To achieve market leadership in a knowledge-based field, companies may rely on consultants or in-house professionals to draft speeches, articles, white papers, and the like. But often the most innovative thinking occurs deep within an organization, where people develop and test new products and services. Empowering those people to create and promote thought-leadership material can be a smart, quick way to bolster a company’s reputation among key industry players. 

Storytellers

People are accustomed to hearing corporate communication professionals tell stories about a company, but there’s nothing like hearing a story direct from the front lines. When employees speak from their own experience, unedited, the message comes to life.

HBR goes on to say that physical proximity between leaders and employees isn’t always feasible. But mental or emotional proximity is essential. Having managed a company with a geographic footprint of three diverse states across the US, I have known this to be very, very true. So how do you manage it, and develop the trust and intimacy needed to create brand ambassadors, thought leaders, and storytellers?

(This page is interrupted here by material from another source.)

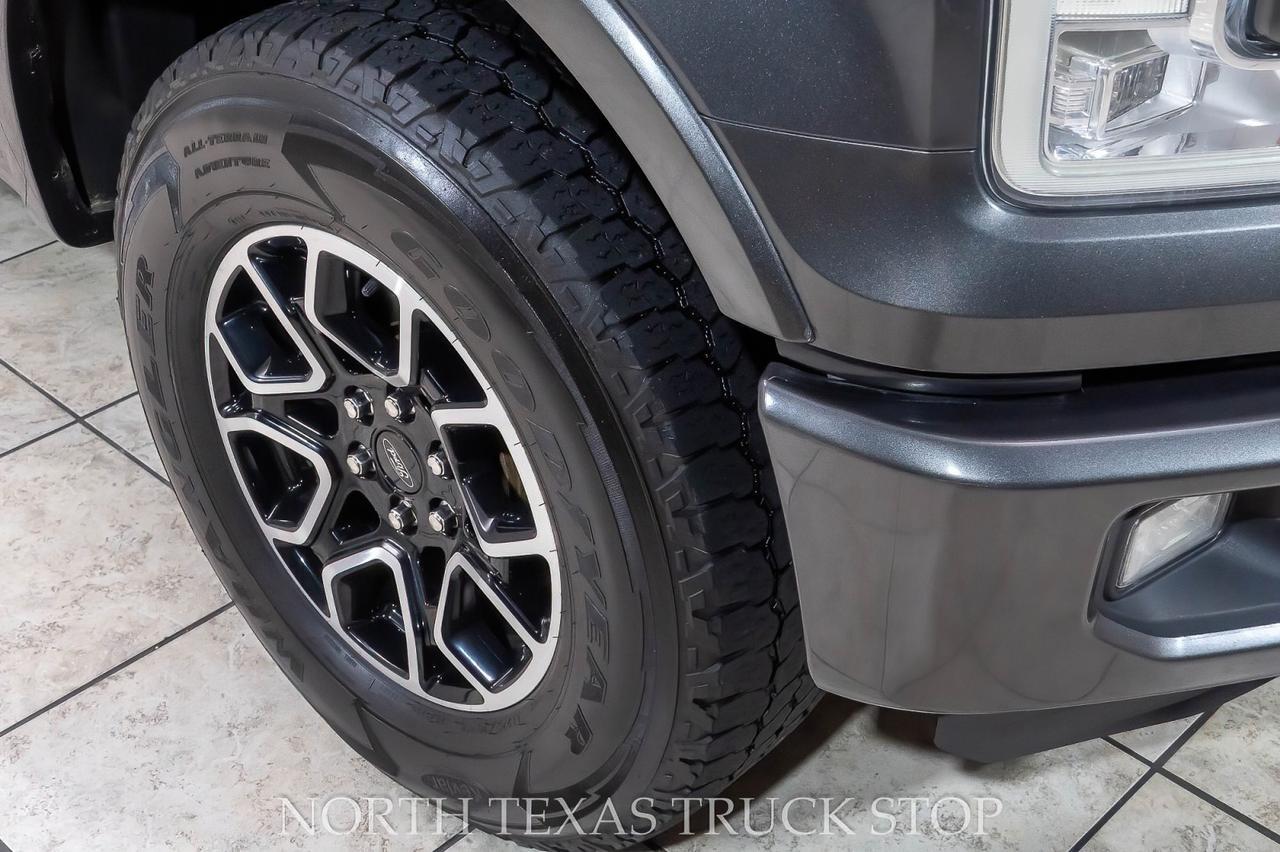 2016 Ford F-150 Platinum 3.5L V6 EcoBoost 4x4 Mansfield TX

HBR goes on to say this: In developing our model, we have identified four elements of organizational conversation that reflect the essential attributes of interpersonal conversation: intimacy, interactivity, inclusion, and intentionality. Leaders who power their organizations through conversation-based practices need not (so to speak) dot all four of these i’s. However, as we’ve discovered in our research, these elements tend to reinforce one another. In the end, they coalesce to form a single integrated process. Here’s a few ways to help develop interpersonal conversation.

Intimacy: Getting Close

Personal conversation flourishes to the degree that the participants stay close to each other, figuratively as well as literally. Organizational conversation, similarly, requires leaders to minimize the distances—institutional, attitudinal, and sometimes spatial—that typically separate them from their employees. Conversational intimacy can become manifest in various ways—among them gaining trust, listening well, and getting personal.

Gaining Trust

Where there is no trust, there can be no intimacy. But trust is hard to achieve. In organizations it has become especially difficult for employees to put trust in their leaders, who will earn it only if they are authentic and straightforward. That may mean addressing topics that feel off-limits, such as sensitive financial data.

Listening Well

Leaders who take organizational conversation seriously know when to stop talking and start listening. Few behaviors enhance conversational intimacy as much as attending to what people say. True attentiveness signals respect for people of all ranks and roles, a sense of curiosity, and even a degree of humility.

Here is a powerful example of listening well in action:

Duke Energy’s president and CEO, James E. Rogers, instituted a series of what he called “listening sessions” when he was the CEO and chairman of Cinergy (which later merged with Duke). Meeting with groups of 90 to 100 managers in three-hour sessions, he invited participants to raise any pressing issues. Through these discussions he gleaned information that might otherwise have escaped his attention. At one session, for example, he heard from a group of supervisors about a problem related to uneven compensation. “You know how long it would have taken for that to bubble up in the organization?” he asks. Having heard directly from those affected by the problem, he could instruct his HR department to find a solution right away.

In conclusion, conversation goes on in every company, whether you recognize it or not. That has always been the case, but today the conversation has the potential to spread well beyond your walls, and it’s largely out of your control. Smart leaders find ways to use conversation—to manage the flow of information in an honest, open fashion. One-way broadcast messaging is a relic, and slick marketing materials have as little effect on employees as they do on customers. But people will listen to communication that is intimate, interactive, inclusive, and intentional.